If we can ssh from the master to the backup, we proceed similarly:
master$ hg clone /var/lib/wikidir ssh://[email protected]//backup/wiki
Patch it to your needs, this example creates the new directory named /backup/wiki
. As above, note two slashes, if you replace them with one, $HOME/backup/wiki
will be created. And again, make an alias in .hg/hgrc
:
[paths]
backup = ssh://[email protected]//backup/wiki
Whichever command you used, /backup/wiki
should now contain only .hg
directory.
This is probably preferable for backup, but would you want to unpack the wiki files, just
backup$ cd /backup/wiki
backup$ hg update
(you can safely remove them later with brutal rm -rf *
, just leave .hg
). Whether they are unpacked, or not, you can try commands like
backup$ cd /backup/wiki
backup$ hg log
backup$ hg status
Commiting updates
So far we just imported and copied single version. Let's now configure our system to commit the changes. This is just a matter of writing the following shell script:
#!/bin/bash
cd /var/lib/wikidir
hg addremove
hg commit -m "Automatical backup"
and configuring it to be run at regular intervals (I do it every early morning) - from cron. Remember to configure it so it runs from the files (and repository) owner account. People preferences vary (anacron, cron.d, ....), here is the simple and safe solution:
$ sudo -u wikiuser crontab -e
and write:
4 5 * * * /path/to/wikibackupscript
The Mercurial commands used above have the following meaning: addremove
marks newly added files to be added by the next commit, and marks deleted files (on disk) for removal. commit
performs the actual commit to the repository.
Copying updates
The final step is to ensure updates are copied between machines.
If we are ssh
-ing from the backup to the master, we just need to run
hg --cwd /backup/wiki pull master
at regular intervals.
Obvious solution is to run it from cron (on the backup machine, using account which owns /backup/wiki
and is able to ssh to the master). One would usually configure it to run an hour or two after
the commiting script runs.
The pull
command grabs all new changesets from the remote repository (master) and saves them to the local .hg
. Use pull --update
if you want to update checked out copy to the newest version.
If we are ssh
-ing from master to backup, the simplest method is to extend the already written wikibackupscript (the one which addremoves and commits) with
hg push --force backup
Alternatively, spawn from cron
hg --cwd /var/lib/wikidir push --force backup
Final words
Nothing forces you to stick with just two repositories. Would you like to, you can create more clones (cloning either from production, or from backup, as you like, pulling automatically or manually) - for example, to test MoinMoin upgrade procedure, or to run development copy for plugin testing.

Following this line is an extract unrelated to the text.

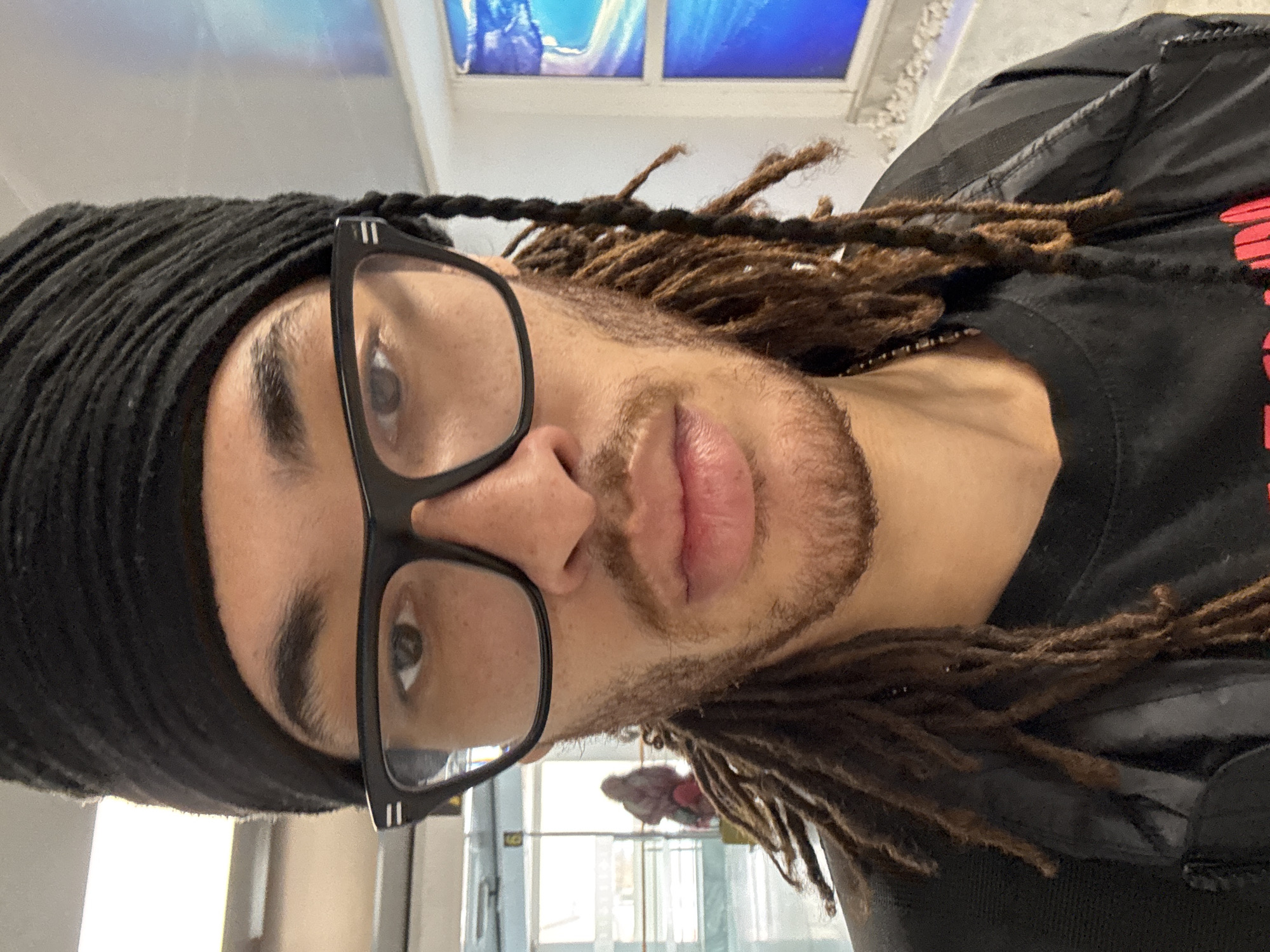 A close-up, tilted selfie shows a person with dreadlocks wearing a black head covering and black-rimmed glasses. The individual has facial hair and appears to be inside a building. The background is blurry, but a window with a blue-toned picture is visible. A partially visible black garment is on the subject's body. Details suggesting a location in San Bartolomé, Spain, are not present.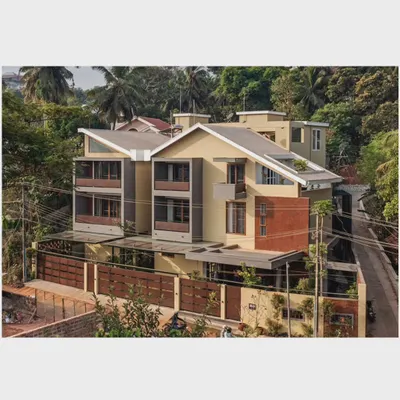 An aerial view of the 'Jodi Mane' project, showing how the two distinct homes are designed with sloping roofs and projected balconies to respond to the local climate while forming a cohesive architectural expression.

Having repository version-controlled makes one feel far more comfortable while reconfiguring, rearranging, or upgrading - would anything go wrong, it is always possible to go back.
The same procedure is probably implementable with Git, Bazaar, or Darcs. I recommend Mercurial as it's pull/push commands are not attempting any merges, are not updating the destination dir (unless asked to), and just are not doing anything except copying the new changesets - so they are safe to be used from cron.